For example (I used low depths of around 20 so that the search doesn't dominate and find a position much better than the root):

b1-knight odds
rnbqkbnr/pppppppp/8/8/8/8/PPPPPPPP/R1BQKBNR w KQkq - 0 1
Eval: ~-4.6

a1-rook odds
rnbqkbnr/pppppppp/8/8/8/8/PPPPPPPP/1NBQKBNR w Kkq - 0 1
Eval: ~-6.4

queen odds
rnbqkbnr/pppppppp/8/8/8/8/PPPPPPPP/RNB1KBNR w KQkq - 0 1
Eval: ~-13.4

g2-pawn odds (I didn't want to cherrypick the worst pawn to remove, which is likely f2, so I picked one of the worse ones, keeping in mind that this is balanced by the fact that it's white to move)
rnbqkbnr/pppppppp/8/8/8/8/PPPPPP1P/RNBQKBNR w KQkq - 0 1
Eval ~-1.3

Normally you'd expect (as an approximation) -3 for knight odds at low depth, -5 for rook and -9 for queen, but these evals are higher by about 30-50%.

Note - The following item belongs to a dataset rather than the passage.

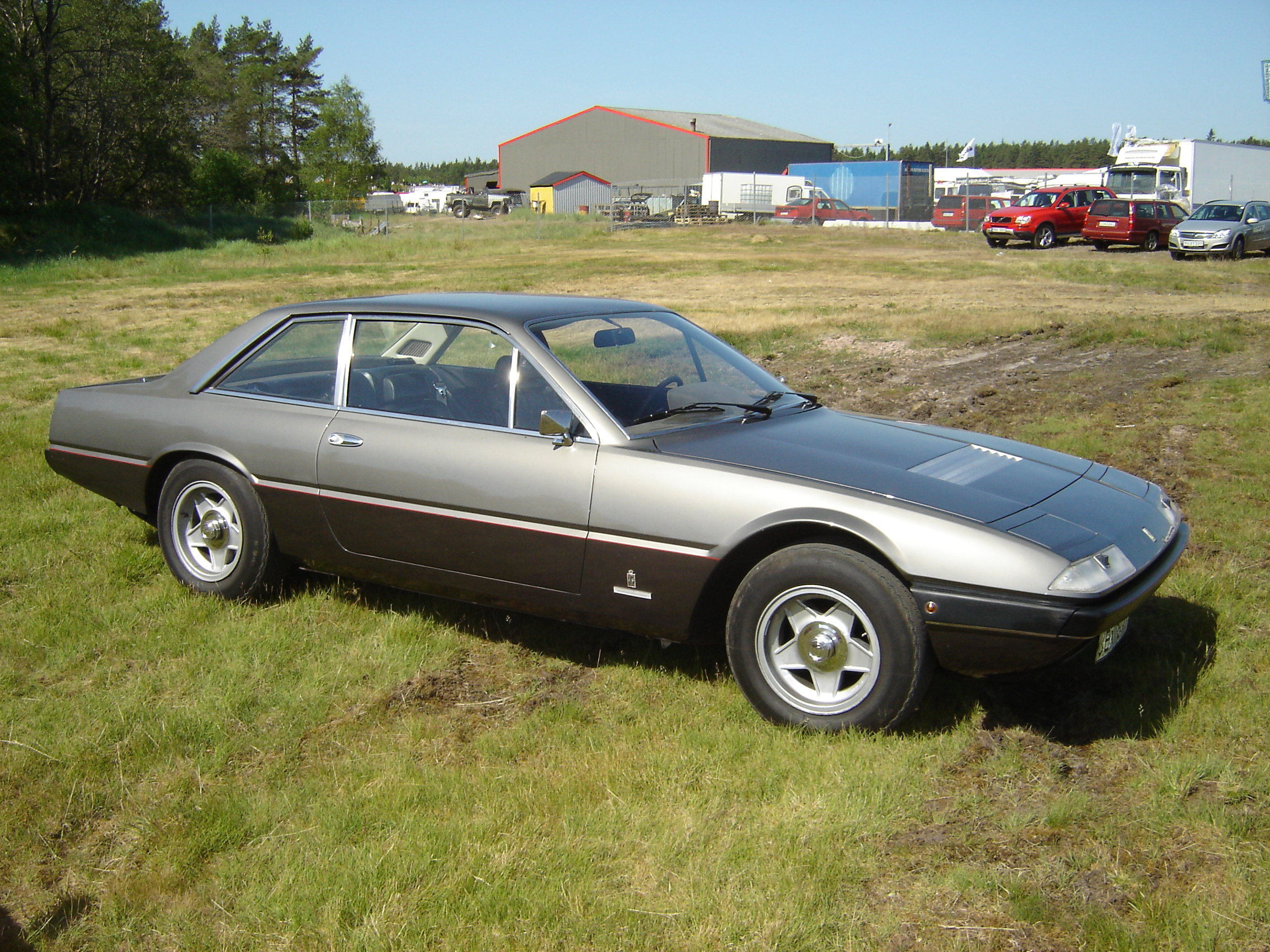 Ferrari 365 Gt4 2 2 400 And 412 Wikipedia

As it turns out, PawnValueEg used to be 258 a few months back; it is now 208, so the eval scale has been shifted up by ~25% in the last few months. Meanwhile, it's not clear that 208 is the true "average value of a pawn," because things like piece-square tables and bonuses can shift the average. (For example, one could decrease a piece value by 100 and increase the corresponding PSQT by 100 without affecting the true piece value.)

If people think this is an issue, one possibility that doesn't require periodically calibrating output vs. winrate is to use v * 300 / KnightValueMg or v * 300 / KnightValueEg, rather than v * 100 / PawnValueEg (or similar ideas). A look at the git blame history suggests that KnightValueMg has changed a lot less in percent terms than PawnValueEg, making the formula with KnightValueMg more robust over time. Also, this change would bring the piece odds evals more in line with what us humans might expect: currently, 300/KnightValueMg = 100/261 and 300/KnightValueEg = 100/288.

Of course, there are objections to this approach:

  1. the choice of knight value is quite arbitrary. I have to admit this is true.
  2. a "centipawn" is no longer 1/100 of a pawn. However, it wasn't previously either, because things like PSQT and pawn bonuses skew the "true" value of a pawn.

I just wanted to give this as a suggestion to keep the discussion going, because not only is adjudication affected, but also many people use Stockfish to analyze human games and would benefit from knowing that, for example, +1 does correspond to a pawn up on average.

@Vizvezdenec
Copy link
Contributor

since when depth 20 is "low"?
It's enough to see that w/o knight white position is much worse than simply not having a knight :)

@man4
Copy link

man4 commented Dec 15, 2018

since when depth 20 is "low"?
It's enough to see that w/o knight white position is much worse than simply not having a knight :)

It's "low" enough that the eval is quite stable around depth 15-25. It's enough to see that white has a much worse position by a knight, but that's about it. This is why I chose a quiet position rather than a tactical position.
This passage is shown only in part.